#### Task objective
Would you return the listing that follows exactly, leaving its pictures behind?

#### Information provided
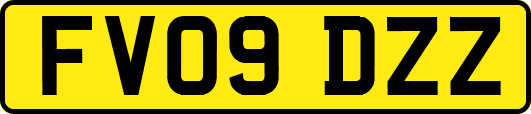 FV09DZZ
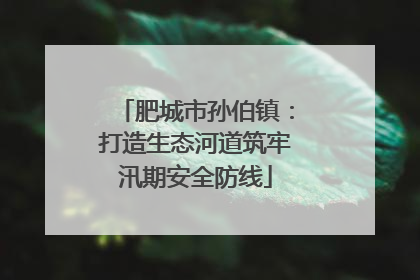 肥城市孙伯镇：打造生态河道筑牢汛期安全防线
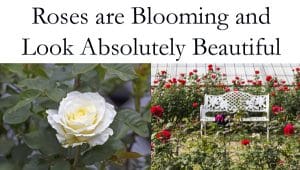 Southern California garden center showcases beautiful blooming roses.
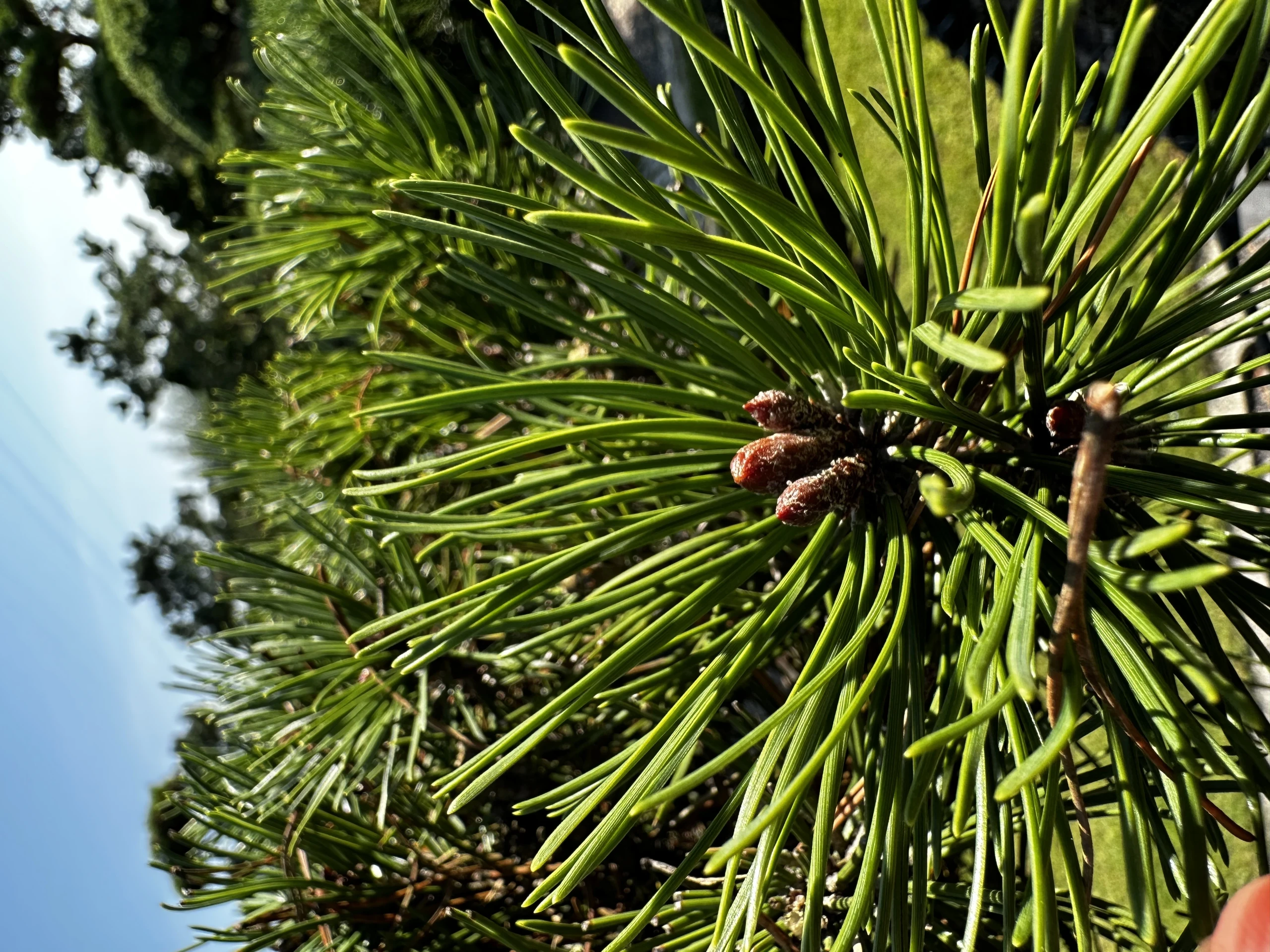 Pinus mugo mughus ( Sosna górska mughus )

#### Solution to this task
 FV09DZZ
 肥城市孙伯镇：打造生态河道筑牢汛期安全防线
 Southern California garden center showcases beautiful blooming roses.
 Pinus mugo mughus ( Sosna górska mughus )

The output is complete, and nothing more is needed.